START DATA TO EXAMINE

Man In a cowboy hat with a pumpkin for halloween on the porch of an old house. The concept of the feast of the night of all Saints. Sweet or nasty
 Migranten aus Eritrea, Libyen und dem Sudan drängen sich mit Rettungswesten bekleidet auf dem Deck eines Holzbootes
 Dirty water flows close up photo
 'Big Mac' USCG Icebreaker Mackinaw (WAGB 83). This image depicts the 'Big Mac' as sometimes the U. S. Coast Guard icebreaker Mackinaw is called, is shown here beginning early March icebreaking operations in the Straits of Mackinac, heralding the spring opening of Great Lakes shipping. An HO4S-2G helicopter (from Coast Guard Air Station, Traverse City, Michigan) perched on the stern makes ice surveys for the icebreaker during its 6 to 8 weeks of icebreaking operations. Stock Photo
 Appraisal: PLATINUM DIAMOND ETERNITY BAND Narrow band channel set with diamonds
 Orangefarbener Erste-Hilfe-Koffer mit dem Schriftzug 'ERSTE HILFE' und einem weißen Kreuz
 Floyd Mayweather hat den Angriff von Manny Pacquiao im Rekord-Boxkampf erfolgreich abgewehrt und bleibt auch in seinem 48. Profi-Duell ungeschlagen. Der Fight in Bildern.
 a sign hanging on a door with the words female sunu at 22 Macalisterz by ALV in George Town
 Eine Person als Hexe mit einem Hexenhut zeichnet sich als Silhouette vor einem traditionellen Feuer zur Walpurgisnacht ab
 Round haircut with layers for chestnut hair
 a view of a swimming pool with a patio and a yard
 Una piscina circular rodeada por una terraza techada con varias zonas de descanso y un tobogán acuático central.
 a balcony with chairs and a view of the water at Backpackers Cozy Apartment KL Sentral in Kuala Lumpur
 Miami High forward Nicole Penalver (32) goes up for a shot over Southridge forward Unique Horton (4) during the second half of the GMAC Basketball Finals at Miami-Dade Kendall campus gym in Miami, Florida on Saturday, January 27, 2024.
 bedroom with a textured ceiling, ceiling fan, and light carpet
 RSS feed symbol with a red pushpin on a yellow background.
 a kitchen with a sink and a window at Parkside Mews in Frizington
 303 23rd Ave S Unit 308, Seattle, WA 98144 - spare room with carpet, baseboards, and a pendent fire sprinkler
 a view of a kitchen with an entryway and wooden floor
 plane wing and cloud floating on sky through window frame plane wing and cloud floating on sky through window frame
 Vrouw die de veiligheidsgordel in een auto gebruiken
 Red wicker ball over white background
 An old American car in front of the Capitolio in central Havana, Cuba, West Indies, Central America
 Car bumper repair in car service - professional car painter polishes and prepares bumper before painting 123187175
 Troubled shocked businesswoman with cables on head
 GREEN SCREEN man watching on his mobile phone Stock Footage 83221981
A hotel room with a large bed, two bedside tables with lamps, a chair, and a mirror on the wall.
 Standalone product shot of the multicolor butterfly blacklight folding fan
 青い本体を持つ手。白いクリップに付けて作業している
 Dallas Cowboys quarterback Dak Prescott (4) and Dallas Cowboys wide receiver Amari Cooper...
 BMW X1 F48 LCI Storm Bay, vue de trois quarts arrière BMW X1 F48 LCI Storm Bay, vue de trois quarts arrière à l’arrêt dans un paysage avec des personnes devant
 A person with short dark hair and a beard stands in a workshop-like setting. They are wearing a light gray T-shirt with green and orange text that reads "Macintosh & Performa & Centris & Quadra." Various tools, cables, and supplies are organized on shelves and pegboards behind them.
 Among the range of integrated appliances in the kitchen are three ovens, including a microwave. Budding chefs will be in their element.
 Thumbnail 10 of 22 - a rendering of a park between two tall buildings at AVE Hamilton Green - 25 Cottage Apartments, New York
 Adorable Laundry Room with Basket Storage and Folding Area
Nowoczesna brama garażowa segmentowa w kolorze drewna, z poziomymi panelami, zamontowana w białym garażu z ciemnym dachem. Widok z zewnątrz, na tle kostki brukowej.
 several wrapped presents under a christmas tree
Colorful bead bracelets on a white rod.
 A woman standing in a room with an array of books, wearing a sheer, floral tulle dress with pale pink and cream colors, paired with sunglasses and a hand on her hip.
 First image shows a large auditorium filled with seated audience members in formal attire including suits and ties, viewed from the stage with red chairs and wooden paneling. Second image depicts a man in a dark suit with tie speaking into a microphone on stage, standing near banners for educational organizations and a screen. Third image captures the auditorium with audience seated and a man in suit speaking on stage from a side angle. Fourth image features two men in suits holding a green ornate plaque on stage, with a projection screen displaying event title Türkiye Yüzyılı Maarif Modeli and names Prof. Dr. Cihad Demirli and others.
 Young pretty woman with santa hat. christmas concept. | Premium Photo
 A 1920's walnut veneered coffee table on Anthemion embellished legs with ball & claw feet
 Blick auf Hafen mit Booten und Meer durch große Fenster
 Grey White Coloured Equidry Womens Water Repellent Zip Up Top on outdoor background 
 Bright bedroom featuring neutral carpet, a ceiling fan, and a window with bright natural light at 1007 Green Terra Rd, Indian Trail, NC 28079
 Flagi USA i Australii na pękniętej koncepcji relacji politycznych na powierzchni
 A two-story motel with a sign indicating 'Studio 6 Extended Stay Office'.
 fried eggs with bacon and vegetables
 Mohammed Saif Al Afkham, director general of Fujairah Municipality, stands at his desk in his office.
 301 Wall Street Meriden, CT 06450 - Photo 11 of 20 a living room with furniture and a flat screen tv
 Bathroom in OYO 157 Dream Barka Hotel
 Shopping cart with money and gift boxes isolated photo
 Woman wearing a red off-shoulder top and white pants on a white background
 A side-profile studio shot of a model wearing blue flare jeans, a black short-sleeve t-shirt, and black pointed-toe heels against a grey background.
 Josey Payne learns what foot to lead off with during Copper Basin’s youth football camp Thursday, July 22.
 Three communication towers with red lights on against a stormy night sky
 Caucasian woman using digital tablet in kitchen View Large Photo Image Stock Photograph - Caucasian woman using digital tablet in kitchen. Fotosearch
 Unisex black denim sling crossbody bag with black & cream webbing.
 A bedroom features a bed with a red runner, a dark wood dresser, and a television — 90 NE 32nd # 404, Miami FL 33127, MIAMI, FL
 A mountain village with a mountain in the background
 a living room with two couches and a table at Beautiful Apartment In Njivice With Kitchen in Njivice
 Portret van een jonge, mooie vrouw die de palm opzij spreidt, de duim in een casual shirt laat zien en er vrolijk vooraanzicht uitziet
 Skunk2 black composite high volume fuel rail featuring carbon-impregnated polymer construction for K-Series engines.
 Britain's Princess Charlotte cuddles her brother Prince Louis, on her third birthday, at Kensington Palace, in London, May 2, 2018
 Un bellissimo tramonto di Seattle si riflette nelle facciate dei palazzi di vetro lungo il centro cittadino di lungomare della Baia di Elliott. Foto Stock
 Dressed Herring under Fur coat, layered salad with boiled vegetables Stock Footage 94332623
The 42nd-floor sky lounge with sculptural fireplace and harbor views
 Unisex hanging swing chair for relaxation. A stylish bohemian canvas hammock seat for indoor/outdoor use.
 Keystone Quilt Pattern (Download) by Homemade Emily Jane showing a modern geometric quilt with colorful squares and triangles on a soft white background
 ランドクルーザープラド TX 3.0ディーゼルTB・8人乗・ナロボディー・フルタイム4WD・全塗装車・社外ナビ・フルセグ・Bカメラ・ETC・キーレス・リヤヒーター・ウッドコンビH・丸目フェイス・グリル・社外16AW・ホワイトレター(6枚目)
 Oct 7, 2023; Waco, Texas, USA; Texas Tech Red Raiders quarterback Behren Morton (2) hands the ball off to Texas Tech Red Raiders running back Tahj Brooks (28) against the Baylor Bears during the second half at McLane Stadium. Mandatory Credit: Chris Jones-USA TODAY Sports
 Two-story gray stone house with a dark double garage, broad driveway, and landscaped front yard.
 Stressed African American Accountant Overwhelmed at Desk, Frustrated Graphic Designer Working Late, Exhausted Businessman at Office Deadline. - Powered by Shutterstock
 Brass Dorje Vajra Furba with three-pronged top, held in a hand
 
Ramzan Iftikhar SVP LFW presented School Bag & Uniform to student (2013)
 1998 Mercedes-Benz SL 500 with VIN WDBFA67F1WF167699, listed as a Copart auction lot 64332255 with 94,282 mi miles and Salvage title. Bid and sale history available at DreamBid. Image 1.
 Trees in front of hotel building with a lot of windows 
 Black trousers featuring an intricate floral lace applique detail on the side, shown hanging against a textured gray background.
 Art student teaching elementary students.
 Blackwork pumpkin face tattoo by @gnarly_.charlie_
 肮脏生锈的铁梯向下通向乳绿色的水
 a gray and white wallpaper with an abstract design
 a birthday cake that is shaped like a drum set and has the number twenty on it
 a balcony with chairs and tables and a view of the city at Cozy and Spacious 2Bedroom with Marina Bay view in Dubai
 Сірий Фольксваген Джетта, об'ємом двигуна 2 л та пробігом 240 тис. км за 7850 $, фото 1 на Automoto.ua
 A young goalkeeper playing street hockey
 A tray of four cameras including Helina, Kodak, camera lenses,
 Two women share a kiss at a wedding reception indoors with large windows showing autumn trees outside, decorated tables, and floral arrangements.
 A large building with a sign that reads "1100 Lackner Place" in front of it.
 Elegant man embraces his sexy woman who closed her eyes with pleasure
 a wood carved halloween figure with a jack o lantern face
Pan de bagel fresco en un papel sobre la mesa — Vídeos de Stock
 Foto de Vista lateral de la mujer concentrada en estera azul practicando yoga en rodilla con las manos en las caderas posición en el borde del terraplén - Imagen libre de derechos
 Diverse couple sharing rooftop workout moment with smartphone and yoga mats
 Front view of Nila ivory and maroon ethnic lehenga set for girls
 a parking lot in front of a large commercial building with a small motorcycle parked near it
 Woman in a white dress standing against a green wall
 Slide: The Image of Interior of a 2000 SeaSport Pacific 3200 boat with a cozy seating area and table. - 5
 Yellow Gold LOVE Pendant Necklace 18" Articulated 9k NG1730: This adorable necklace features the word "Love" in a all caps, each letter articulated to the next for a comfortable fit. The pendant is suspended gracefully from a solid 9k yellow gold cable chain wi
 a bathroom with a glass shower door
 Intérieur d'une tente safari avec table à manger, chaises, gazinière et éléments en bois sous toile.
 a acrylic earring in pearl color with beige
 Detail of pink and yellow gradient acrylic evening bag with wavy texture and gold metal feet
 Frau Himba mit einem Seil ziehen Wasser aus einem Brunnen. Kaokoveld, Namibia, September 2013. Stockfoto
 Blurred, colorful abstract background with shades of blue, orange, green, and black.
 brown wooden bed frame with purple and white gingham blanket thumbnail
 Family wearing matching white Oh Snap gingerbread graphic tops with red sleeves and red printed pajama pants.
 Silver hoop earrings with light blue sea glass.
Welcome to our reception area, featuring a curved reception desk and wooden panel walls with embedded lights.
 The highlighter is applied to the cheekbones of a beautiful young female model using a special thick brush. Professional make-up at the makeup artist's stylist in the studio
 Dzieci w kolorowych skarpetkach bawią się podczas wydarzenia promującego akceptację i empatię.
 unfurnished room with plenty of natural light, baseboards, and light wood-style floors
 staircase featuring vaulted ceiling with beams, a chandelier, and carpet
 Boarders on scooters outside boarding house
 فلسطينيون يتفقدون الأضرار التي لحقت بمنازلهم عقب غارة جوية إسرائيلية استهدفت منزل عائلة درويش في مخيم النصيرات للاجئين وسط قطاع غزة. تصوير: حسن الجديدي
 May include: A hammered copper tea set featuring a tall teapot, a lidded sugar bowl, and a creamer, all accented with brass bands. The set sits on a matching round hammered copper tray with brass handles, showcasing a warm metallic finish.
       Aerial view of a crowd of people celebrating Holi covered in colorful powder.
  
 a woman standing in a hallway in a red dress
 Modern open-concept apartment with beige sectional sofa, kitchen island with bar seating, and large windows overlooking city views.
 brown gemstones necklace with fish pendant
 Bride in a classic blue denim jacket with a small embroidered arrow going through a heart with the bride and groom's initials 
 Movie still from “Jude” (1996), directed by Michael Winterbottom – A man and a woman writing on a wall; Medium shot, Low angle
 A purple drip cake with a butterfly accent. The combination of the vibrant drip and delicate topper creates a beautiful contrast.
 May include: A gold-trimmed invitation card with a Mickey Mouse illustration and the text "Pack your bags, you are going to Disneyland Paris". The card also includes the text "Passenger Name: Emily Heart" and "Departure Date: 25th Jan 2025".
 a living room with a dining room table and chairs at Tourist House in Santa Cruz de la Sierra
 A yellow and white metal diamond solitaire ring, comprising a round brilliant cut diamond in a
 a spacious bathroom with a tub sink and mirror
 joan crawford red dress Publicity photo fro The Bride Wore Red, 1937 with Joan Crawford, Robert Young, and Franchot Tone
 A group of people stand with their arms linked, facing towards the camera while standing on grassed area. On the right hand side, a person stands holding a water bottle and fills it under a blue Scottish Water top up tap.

END DATA TO EXAMINE

#### WHAT IS NEEDED:
Please go through the data above and copy every line that has the word "include".

#### SOLUTION:
 May include: A hammered copper tea set featuring a tall teapot, a lidded sugar bowl, and a creamer, all accented with brass bands. The set sits on a matching round hammered copper tray with brass handles, showcasing a warm metallic finish.
 May include: A gold-trimmed invitation card with a Mickey Mouse illustration and the text "Pack your bags, you are going to Disneyland Paris". The card also includes the text "Passenger Name: Emily Heart" and "Departure Date: 25th Jan 2025".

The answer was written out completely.